Great pictures Ian they have come out really good. Good to see other members tanks too. Nice set up you have there i like the mix of plants at the back the green balances it all off well.

----------


## Ian

Thanks, in the next couple of months im going to be getting another 2 tanks, one for a reef tank (will be my first  :Smile: ) and a bigger one for these guys. Probs going to be 48" x 24" x 24" for each - Can't wait  :Big Grin:

----------


## Timo

> Thanks, in the next couple of months im going to be getting another 2 tanks, one for a reef tank (will be my first ) and a bigger one for these guys. Probs going to be 48" x 24" x 24" for each - Can't wait


When you say reef do you mean marine fish?

----------


## Ian

yeah i mean marine. Gonna start gathering all the bits i need soon and start building the stand  :Big Grin: 

not sure on what fish i want, obviously some clown fish (you have to have some, it would be like having a F.W set up without tetras!) a good amount of live rock and some soft corals

----------


## Timo

I dont have any clowns in my tank  :lol:  but i know what you mean they are great because their very reef safe and inexpensive. I am going to start a reef tank myself soon but i dont think i will have any fish in it.

Remember to fill your reef tank with R.O. water when you get it. If you dont have a R.O. unit then you can get your water in drums from most aquatics shops if you need a lot you might need to pre book it with them, i did that when i filled my main tank.

----------


## kevy21

can i ask what is so special about R.O water and is it expensive

i mean im not stupid it must be like chemical free compared to tap water but  though most tanks can use tap water then use additives like tap safe?

----------


## Timo

Ask away m8 i dont mind.

R.O. water has been filtered so its pure and safe for your fish to live in.

Tap water has a bleach added to it so it doesnt smell and taste bad when it reaches your house.

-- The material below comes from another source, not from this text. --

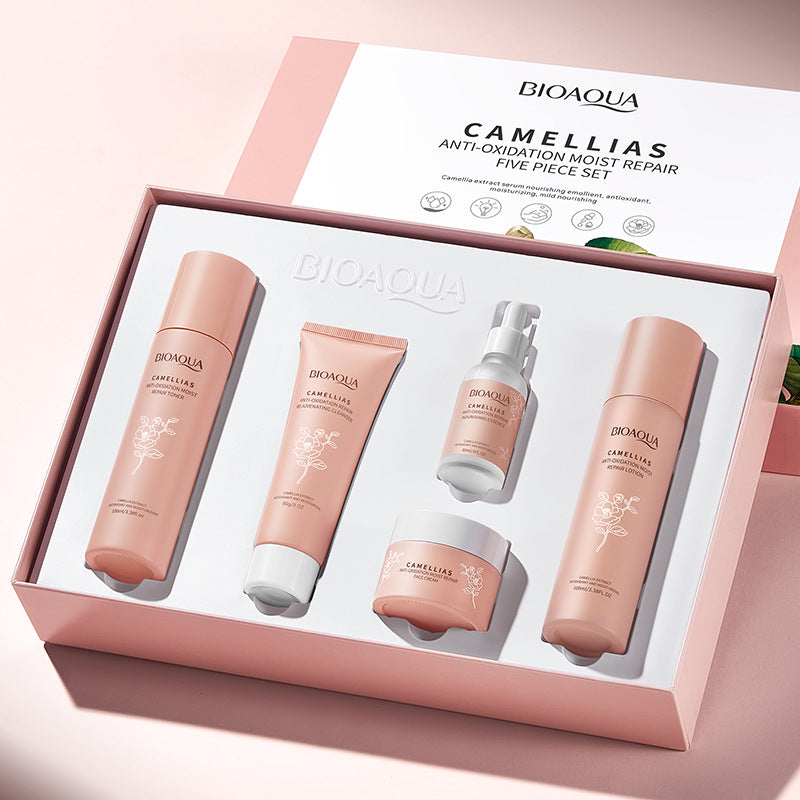 Camellia Five-piece Set BIOAOUA Hydrating and Moisturizing Skincare Set  Wholesale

This is bad for your fish and you can buy things that eliminate it. Tab water also contains many metals and feralizers which are very bad for your tank and will kill most inverts, some hardy fish will survive ok in tap water but inverts will mostly not tollirate it and die off.

----------


## kevy21

so R.O water is not just for marine, can it be us in tropical tanks too?

i'd rather buy good water for the tan rather than using chemical (such as tape safe) to remove chemicals and metals

----------


## Timo

I am not an expert on tropicals, i know a lot of people use tap water with them and get on fine, they are alot more tolerant to metals than marines.

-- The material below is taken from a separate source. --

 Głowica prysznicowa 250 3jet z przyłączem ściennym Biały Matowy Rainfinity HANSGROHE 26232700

I would allways recommend R.O. only for marines (which is what i keep) but at the end of the day the better your water the better your fish will so yes if you can afford it get R.O. water.

Its only Â£2.50 for 25 ltr drum in most shops.

----------


## kevy21

thanks for that info i will lok into it i might just use R.O water everytime i do my 25% water change then i dont have to treat all water going in  :Smile: 

hopefully will be healther for the fish

----------


## Timo

Thats a good plan and it what i do. 

Before you add R.O. water to your tank you do have to airate it, this is easy to do, drop an air stone running off a pump or place a power head in it and leave it for an hour or more then its ok to use.

----------


## kevy21

thanks for that i have an airpump to airrate the R.O but it not werking great hmm ill post in the wanted section

.......hmm of i swim

----------


## Kirsty

> so R.O water is not just for marine, can it be us in tropical tanks too?
> 
> i'd rather buy good water for the tan rather than using chemical (such as tape safe) to remove chemicals and metals



Hey,

I dont know if you are interested or not, but when i got my tank out of pets at home, i was told if using tap water make sure you use the stress zyme and coat and water conditioner (I think thts wot they are called) and was told to leave it for a few weeks.  I was also told it also helps to put the water threw a water filter as that helps to take all the rubbish out of the water.  When i do my water i fill up some bottles and add the stuff into it and leave it for a week so its been conditions and the stress stuff is in it, also it will be at room temp for when i goto put it in the tank rather than cold water.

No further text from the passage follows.